Why did I love this book?
I first read Dune in 1969. Rated by some as the best sci-fi novel of all time—and the start in a long line of sequels. Oddly, perhaps, it was a set book in a sociology of religion course I took. The author, Frank Herbert, had based the religious worldview in the book on that of Africa’s Dinka people. At a time when I was experimenting with psychedelic drugs, this felt like another drug – although it took me 40 pages to fully inhabit the new reality. I was so taken that I contacted Frank, who lived on the Olympic Peninsula, north of Seattle. I was based in London but tried to link up a couple of times when I was in Seattle. We finally did meet, several years later. This time, I was flying back to London (from Seattle, as it happened) and he and his then-wife Bev were in London, getting ready to fly back to Seattle. It turned out that my family and I had unknowingly visited the beach in Oregon, near a place called Dune City, that in 1944 had first inspired the idea of a desert planet. Our conversation was published in 1981. Am very much looking forward to what looks likely to be the first film to capture the book’s spirit, made by Denis Villeneuve, due out later in 2021.
62 authors picked Dune as one of their favorite books, and they share why you should read it.

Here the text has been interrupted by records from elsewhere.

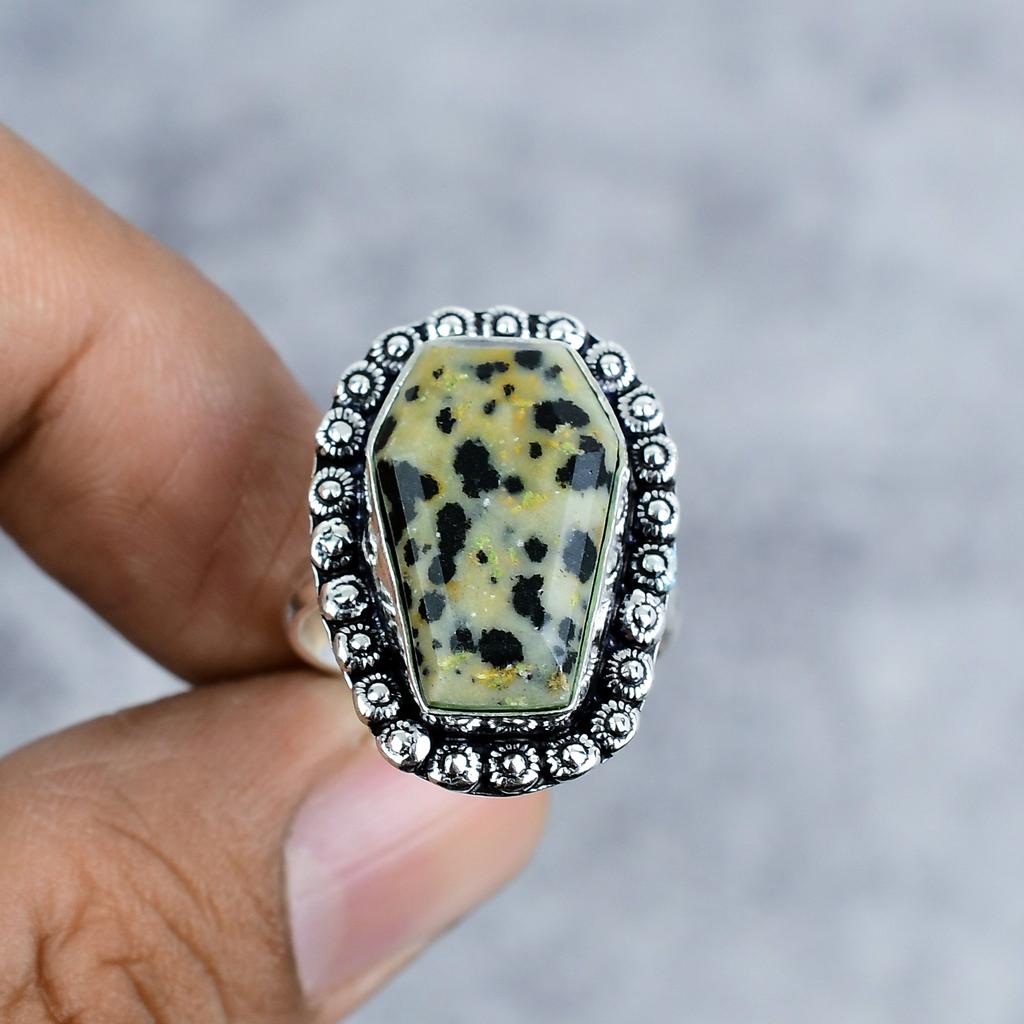 Dalmation Jasper Gemstone Handmade 925 Sterling Silver Jewelry Ring Size 9 M-2558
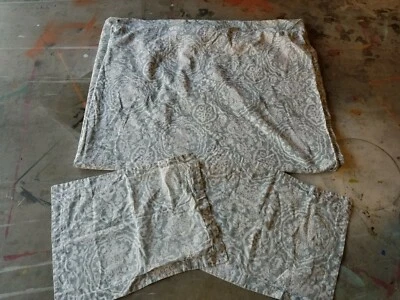 Pottery Barn "Damask Floral Pineapple - Lt. Blue" Linen CA King Duvet & 2 Shams - Image 1 of 4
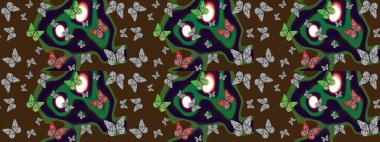 Raster illüstrasyonu. Kumaş, kağıt, ambalaj kâğıdı ve duvar kağıdı tasarımı için güzel bir arka plan. Renkli kelebeklerin eskiz arka planı.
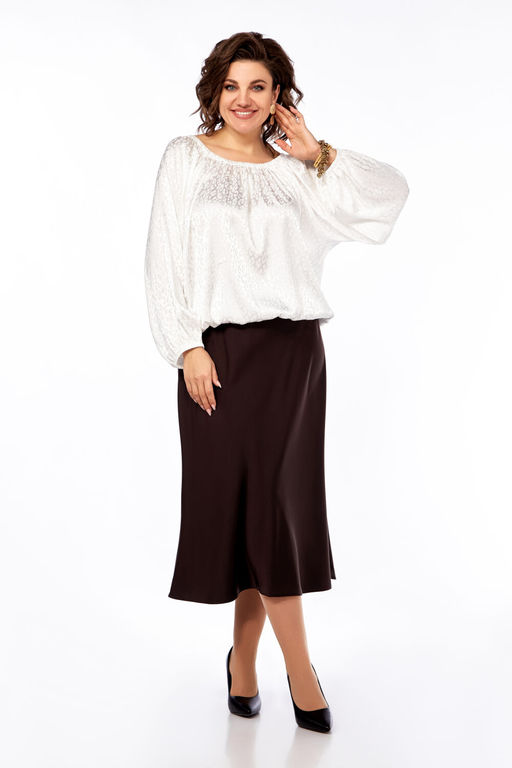 Костюм Olga Style С882 белый/шоколад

Before The Matrix, before Star Wars, before Ender's Game and Neuromancer, there was Dune: winner of the prestigious Hugo and Nebula awards, and widely considered one of the greatest science fiction novels ever written.
Melange, or 'spice', is the most valuable - and rarest - element in the universe; a drug that does everything from increasing a person's lifespan to making interstellar travel possible. And it can only be found on a single planet: the inhospitable desert world of Arrakis.
Whoever controls Arrakis controls the spice. And whoever controls the spice controls the universe.